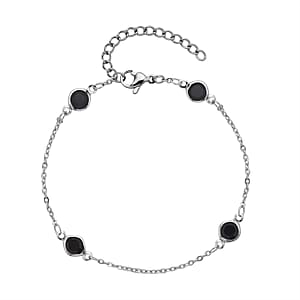 Black Glass Station Bracelet in Stainless Steel (7.50-9.0In) , Tarnish-Free, Waterproof, Sweat Proof Jewelry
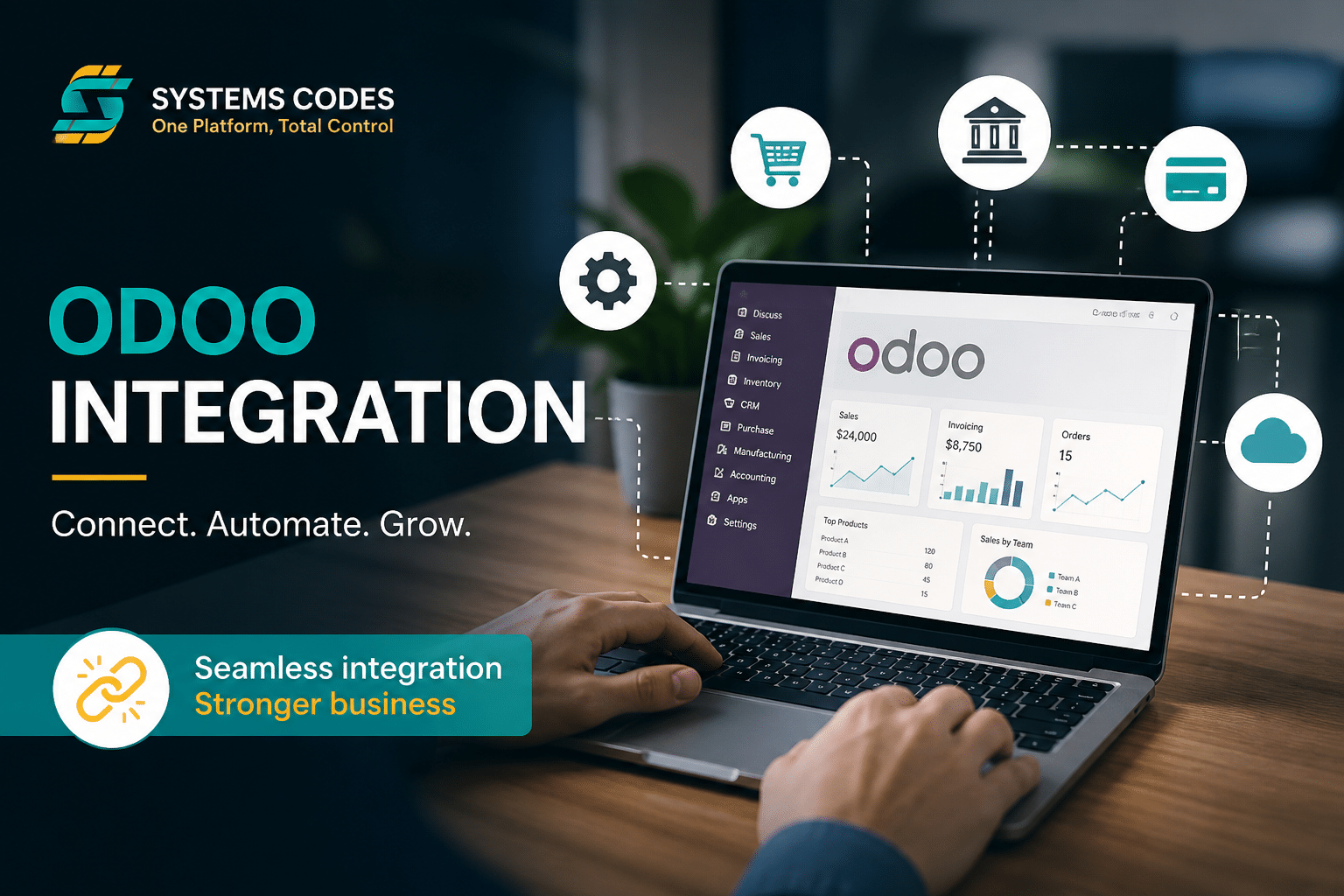 صورة توضح ربط نظام Odoo مع الأنظمة الخارجية من خلال لوحة تحكم على لابتوب مع أيقونات تمثل التكامل الرقمي بين الأنظمة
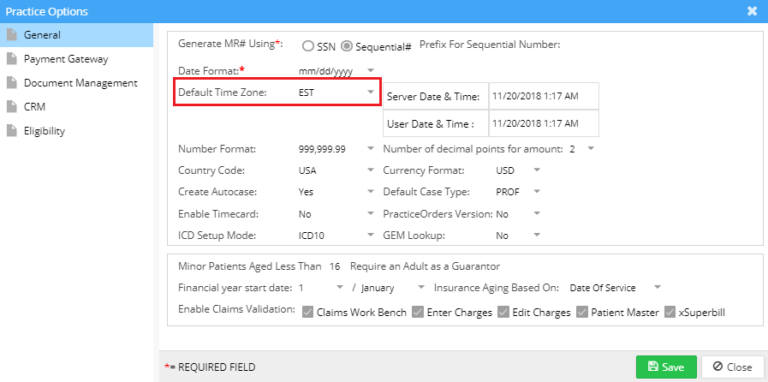 How to change the account time zone? | PracticeSuite - Help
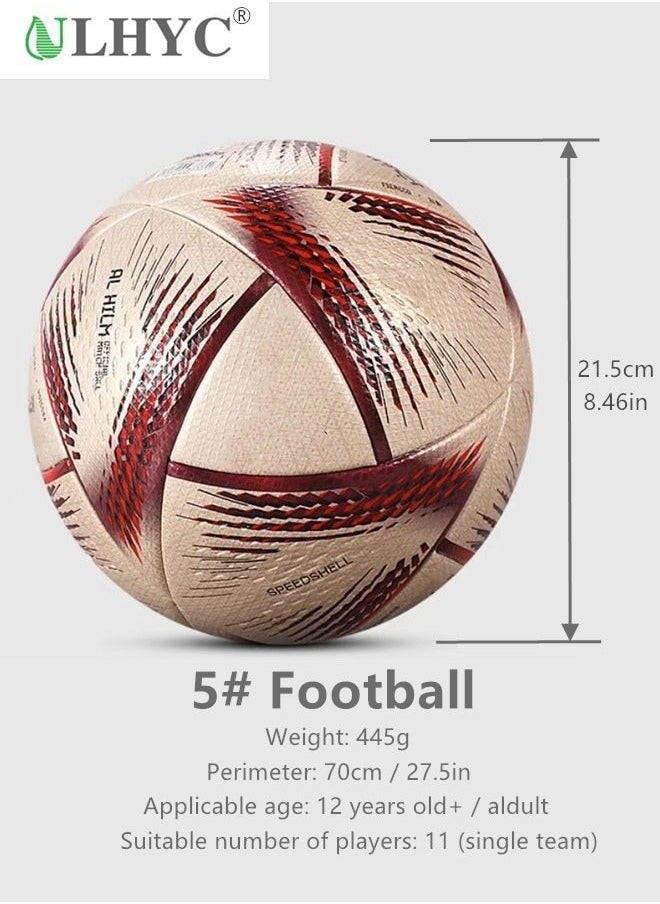 ULHYC No.5 Football World Cup Final Match Football Replica Heat Bonded Football Adult Training Football 2022 Al Rihla Football Replica  - Image 2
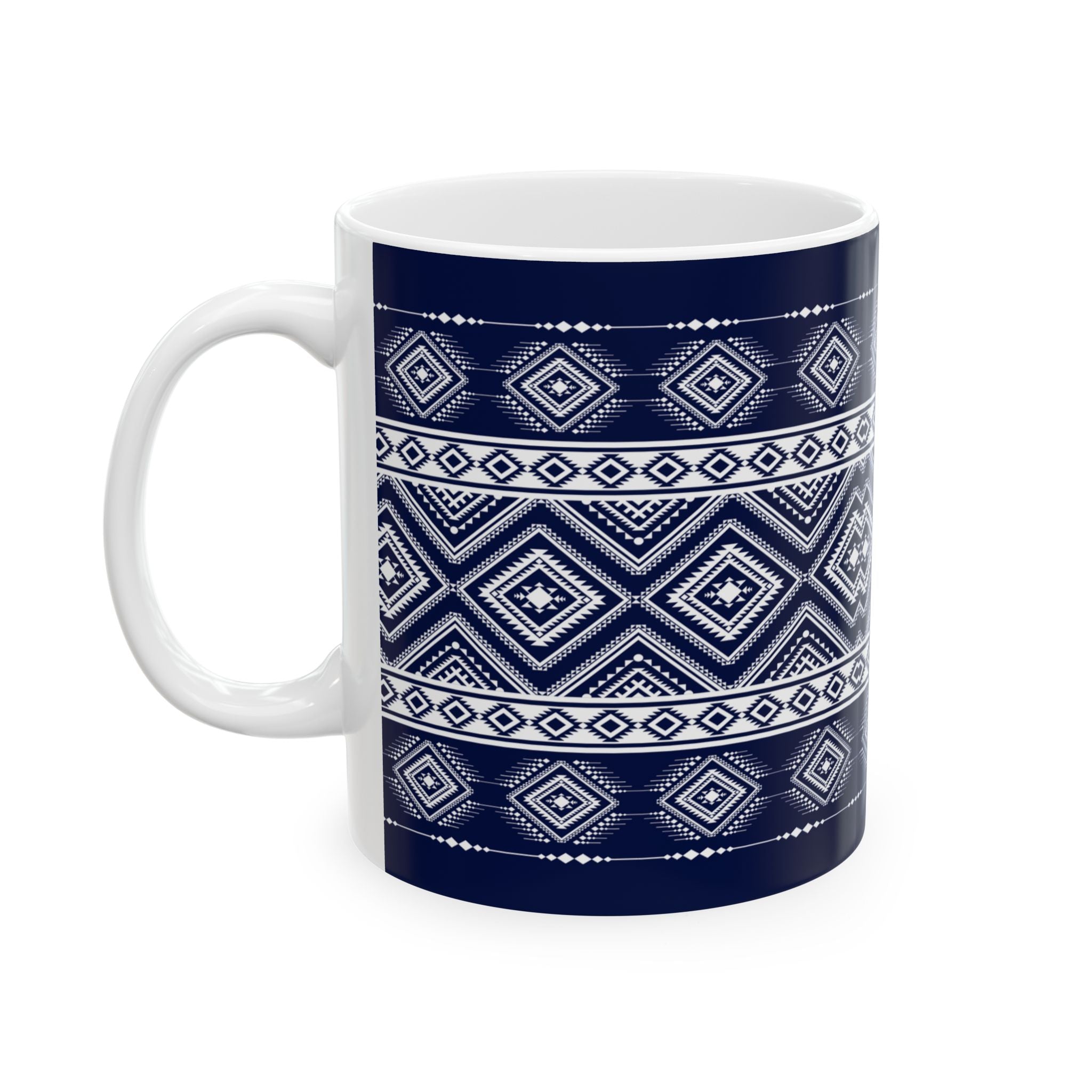 Navy Aztec Pattern Ceramic Mug — Geometric Tribal 11oz & 15oz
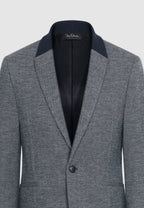 Veste à chevrons en laine et coton et col en maille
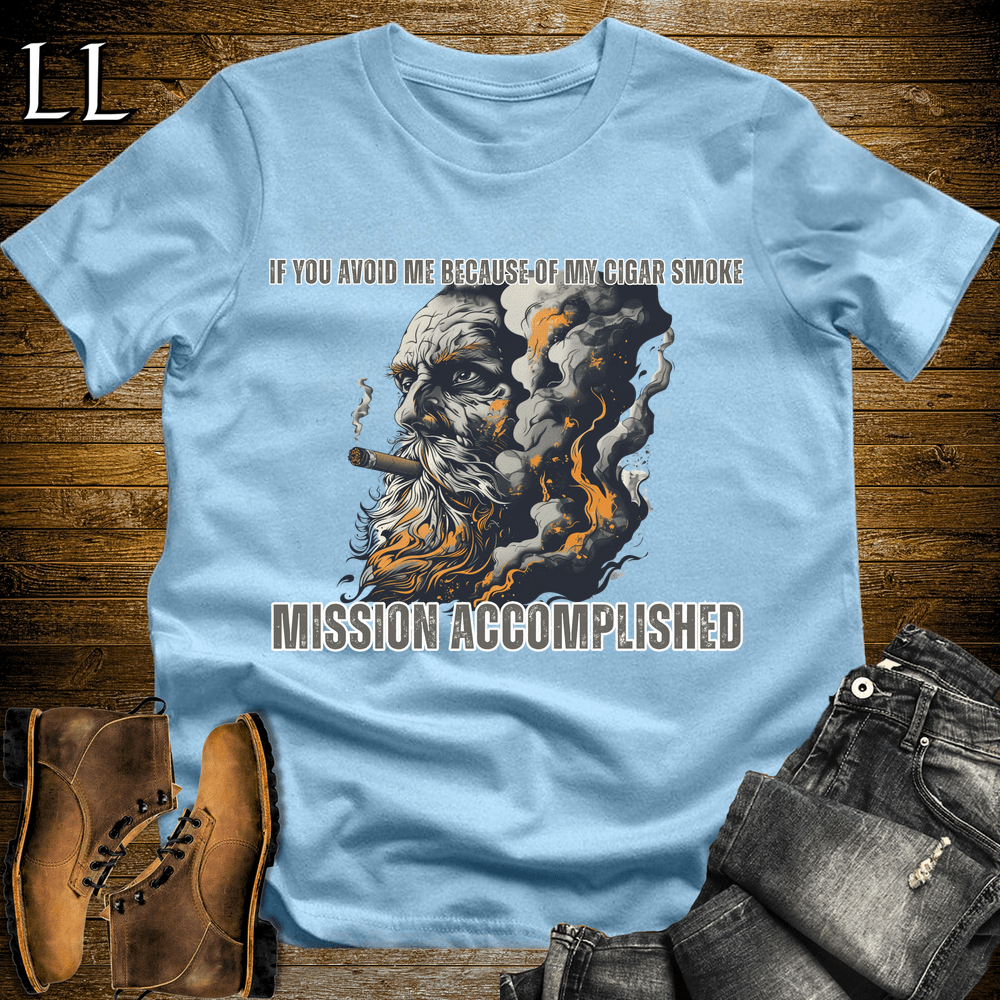 Cigar Smoke Avoid Me Softstyle T-Shirt Light Blue | Funny Cigar Lover Tee
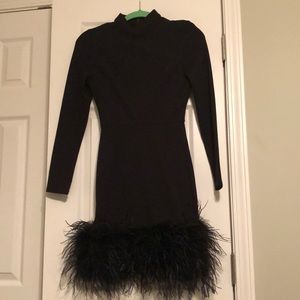 Feather bottom dress! Stunning Black showstopper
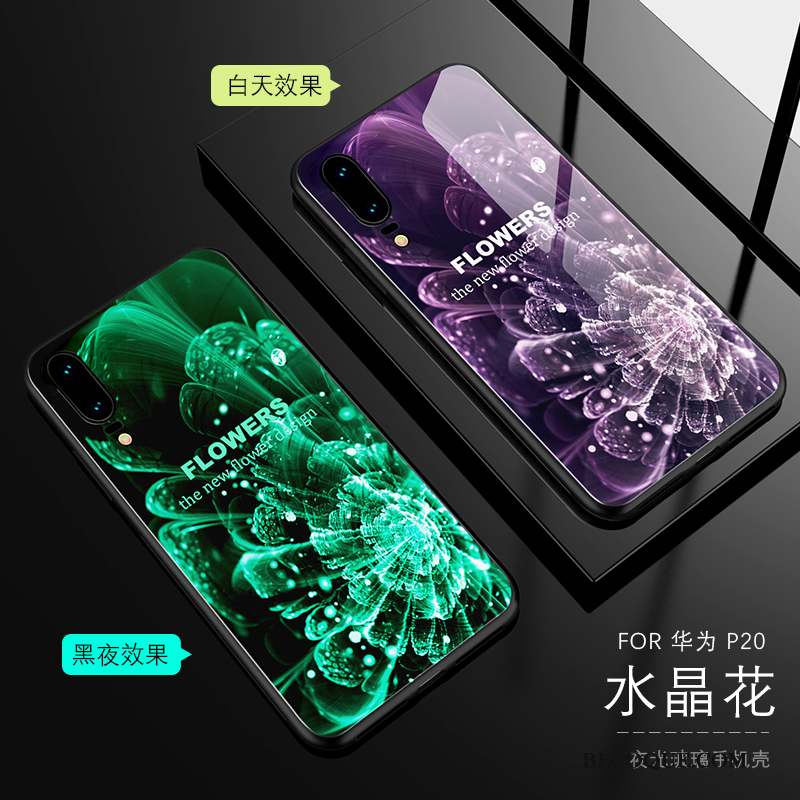Huawei P20 Coque Verre Très Mince Personnalité Silicone Amoureux Violet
..........
**Description of the task**.
Find the line containing "ULHYC No.5 Football" in the listing above. Restate it and every line after it, word for word, through the final line, leaving out the pictures.

**Solution below**.
 ULHYC No.5 Football World Cup Final Match Football Replica Heat Bonded Football Adult Training Football 2022 Al Rihla Football Replica  - Image 2
 Navy Aztec Pattern Ceramic Mug — Geometric Tribal 11oz & 15oz
 Veste à chevrons en laine et coton et col en maille
 Cigar Smoke Avoid Me Softstyle T-Shirt Light Blue | Funny Cigar Lover Tee
 Feather bottom dress! Stunning Black showstopper
Huawei P20 Coque Verre Très Mince Personnalité Silicone Amoureux Violet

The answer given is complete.